Best way to get a wholesale discount is to ask them for it. Plus, you should use your "State sales tax exemption number" *if your buying for resale*. They'll normally give you a form to fill out to verify exemption statis..

The Lowes local store, the store manager will give me a 30% discount if I order my maple, oak or hickory boards through them by the bundle (no picking though it). Menards only will give me a contractors discount with tax exempt statis. I have not checked with the area UBS Store or Discount Lumber which is a wholesaler. But they have the best selection of Douglas Fir and Red Wood. I had one project that called for 16" & 18" boards. Discount Lumber had them in stock.

Wood Stock Hardwoods, a hardwood supplier/distributor that's in our area gives me wholesale pricing. With no minimum of purchase amount for the year. I filled out an account application, so it on their computer that I have a account with them. I marked the box with the payment method as cash or credit card only. Gave them a copy of my South Dakota Sales Tax Identification Number.

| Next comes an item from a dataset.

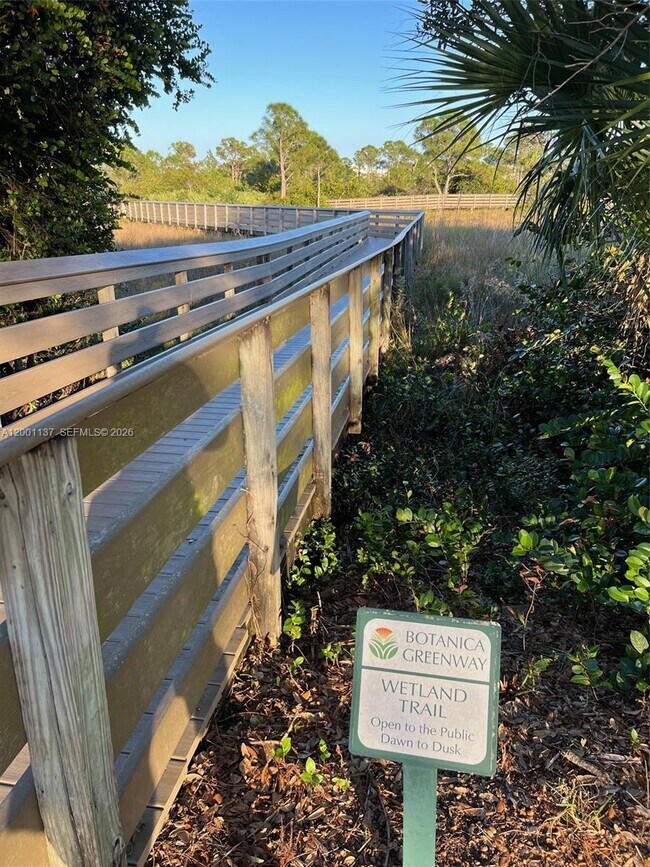 Building Photo - 184 W Bay Cedar Cir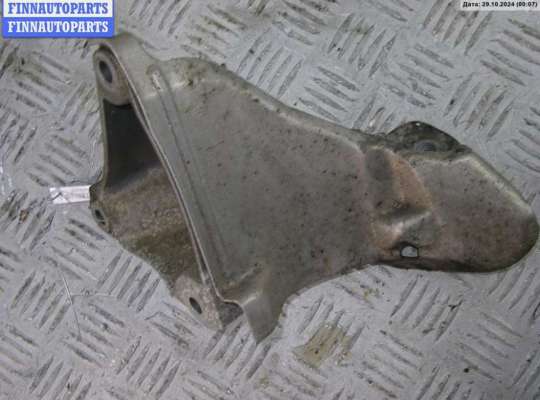 купить Кронштейн двигателя опорный на BMW 3 E90/E91/E92/E93 (2005-2013)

Ask for resale or wholesale discount statis.


----------



## jwoodcraft (7 mo ago)

If you can avoid it, don't get a resale number, IMO. A bunch of hassle, and penalties for late filing etc..
Not great for a small operator.


----------



## JAAune (Jan 22, 2012)

The resale number is worth the effort for anyone buying tens of thousands of dollars of materials. You just need to have a bookkeeping system in place and it helps to farm out the filing to an accountant. I feed QBO files to an accounting firm and they process income, sales and payroll taxes as needed. I'm actually closing the 2022 books tonight and that will take care of all my tax-related work for last year. Once 1099's come in and I hand those over, they'll be able to run my personal taxes too using the business data they already have.


----------



## woodnek (7 mo ago)

Tax is a slippery slope. If you work through a designer, do you charge them sales tax, do you not/still pay tax on material? Install something (Real Property), do you charge sales tax, do you not pay tax on material? You make a piece of furniture, do you charge sales tax, pay tax on material? What about use tax? Are you still exempt? Do you have to pay that?
Laws are different everywhere and *if you have ever had a sales tax audit* you will think twice how you sort your tax business.


----------